New Orleans Saints NFC championship tickets warrant jail pass for Jefferson Parish inmate
Posted on Feb 1, 2010 in Local Issues, Sports
A 24th Judicial District Court magistrate released a Metairie man from jail for two days last month so he could attend the Jan. 24 NFC championship game.
But James Buisson, 31, who was jailed on a probation violation, returned two days late to the Jefferson Parish Correctional Center.
The order from Magistrate Commissioner Carol Kiff freeing Buisson caught correctional officers by surprise, leading them to double check with the magistrate to ensure it was accurate, Sheriff Newell Normand said.
“Release from 1-23-10 at noon until 1-25-10 at noon so he can go to the Saints-Vikings game – He has tickets,” Kiff wrote in the Jan. 19 order.
Normand said he learned of Kiff’s directive when Buisson failed to return to jail on time.
“That’s the first time that I’m aware of that we let somebody out to see a Saints game,” Normand said Monday.
Kiff declined comment Monday. Chief Judge Robert Murphy called the action “inappropriate” because she amended Buisson’s sentence on her own without giving prosecutors a hearing in which to object.
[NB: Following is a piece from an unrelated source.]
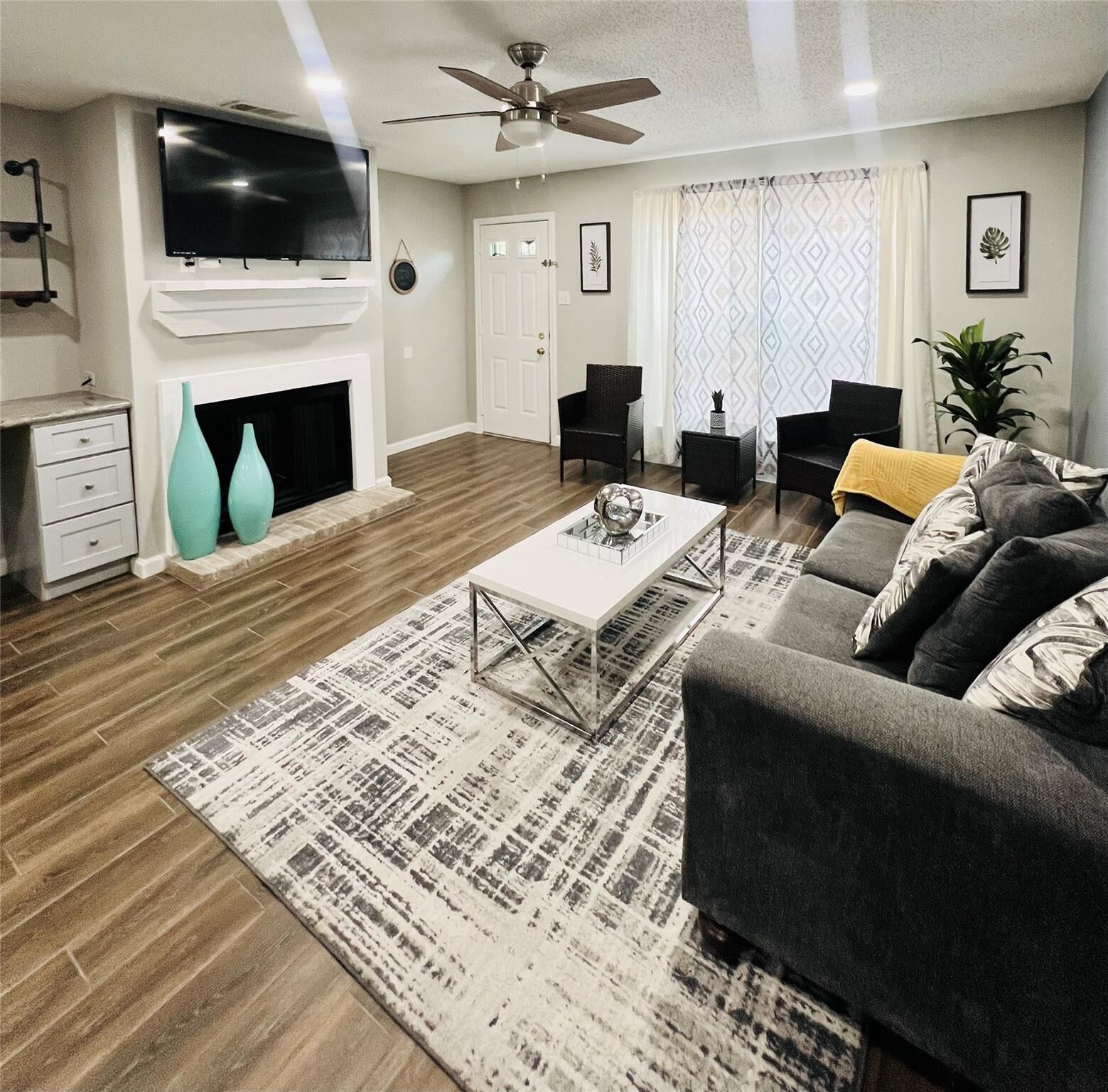 Property Photo: 2112 Greenbriar Colony Drive TX 77032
“The district attorney had no opportunity to do that, and the commissioner was in error,” Murphy said.
Buisson remains in jail, said Normand, who on Thursday notified 24th Judicial Distrct Judge John Molaison of Kiff’s decision. Molaison, the deputy chief judge who oversees commissioner’s court, said he will present the matter to a court committee.
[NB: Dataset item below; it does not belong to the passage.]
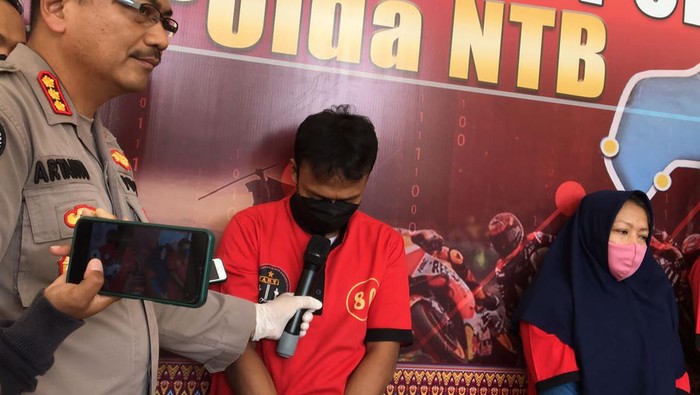 Pelaku TPPO asal Kota Madura dibekuk di Jakarta dibawa ke Mapolda NTB, Selasa (13/12/2022). Foto: Ahmad Viqi/detikBali.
Kiff is appointed by the judges to oversee some preliminary criminal matters, including signing warrants and determining whether police have enough evidence to keep people in jail.
Bussion’s attorney, Gerry Archer, said Monday he left court Jan. 19 after Buisson admitted to the probation violation and was taken into custody. He said he was unaware Kiff released his client until a court clerk notified him the day after the game that Buisson hadn’t returned to jail.
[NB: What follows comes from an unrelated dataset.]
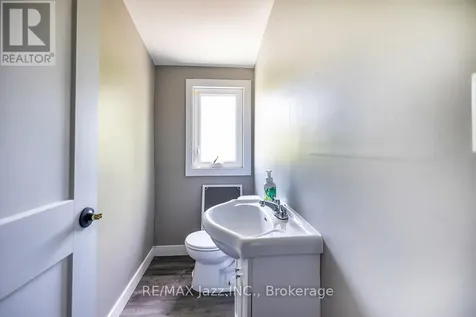 2216 Highway 2 Clarington ON L1C 6C3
“As an officer of the court, … I told him to report immediately,” Archer said. “He turned himself in the following day.”
He said he didn’t ask Buisson if he attended the Saints game. Buisson could have asked to delay the hearing until after the game but did not, Archer added.
“She probably gave him credit for taking responsibility for his actions,” Archer said of Buisson acknowledging the probation violation.
The matter stems from Buisson’s Feb. 15, 2009, arrest, when deputies saw him discard “a clear plastic baggie” of marijuana onto the jail floor during booking, according to a probable cause affidavit. The affidavit does not specify why Buisson was arrested in the first place.
Buisson pleaded guilty April 15 to misdemeanor possession of marijuana. Kiff, who presided over the case after former Judge Joan Benge transferred it to commissioner’s court, sentenced Bussion to three months in jail. But Kiff suspended the sentence and gave him a year of probation, records show.
In July, Buisson tested positive for marijuana and was $841 in arrears in paying his probation fees and court costs, according to the Jefferson Parish district attorney’s office. On Jan. 19, Kiff reinstated the original 3-month jail sentence, but she added the caveat that he be allowed to attend the Saints game.
“I can’t believe this,” Beverly Siemssen, president of Victims and Citizens Against Crime, said Monday of Buisson’s release. “I mean, how is this going to teach him a lesson?”
She likened Kiff’s decision to former Judge Martha Sassone allowing rapper Corey “C-Murder” Miller to leave the state to promote a book and meet with a record executive while he was awaiting trials for murder in Jefferson Parish and attempted murder in Baton Rouge. Miller later pleaded guilty in Baton Rouge and was convicted in Jefferson Parish.
Siemssen said she could understand an inmate being temporarily released if there was a death in the family or to see a terminally ill family member one last time, especially if the inmate is a first-time offender. “That would be the only reason,” she said
But never to attend a Saints game, she said.
“He does the crime, he does the time, whether he has tickets or not,” Siemssen said. “That’s no reason to let him go.”
Buisson plead guilty to six counts of simple burglary 2002 and was sentenced to three years in prison, in a series of automobile break-ins. In 2007, he pleaded guilty a misdemeanor charge of battery on a Harahan police officer, for which he was sentenced to six months in parish jail.
Buisson also has arrests for narcotics-related charges in New Orleans. Records show he was never prosecuted.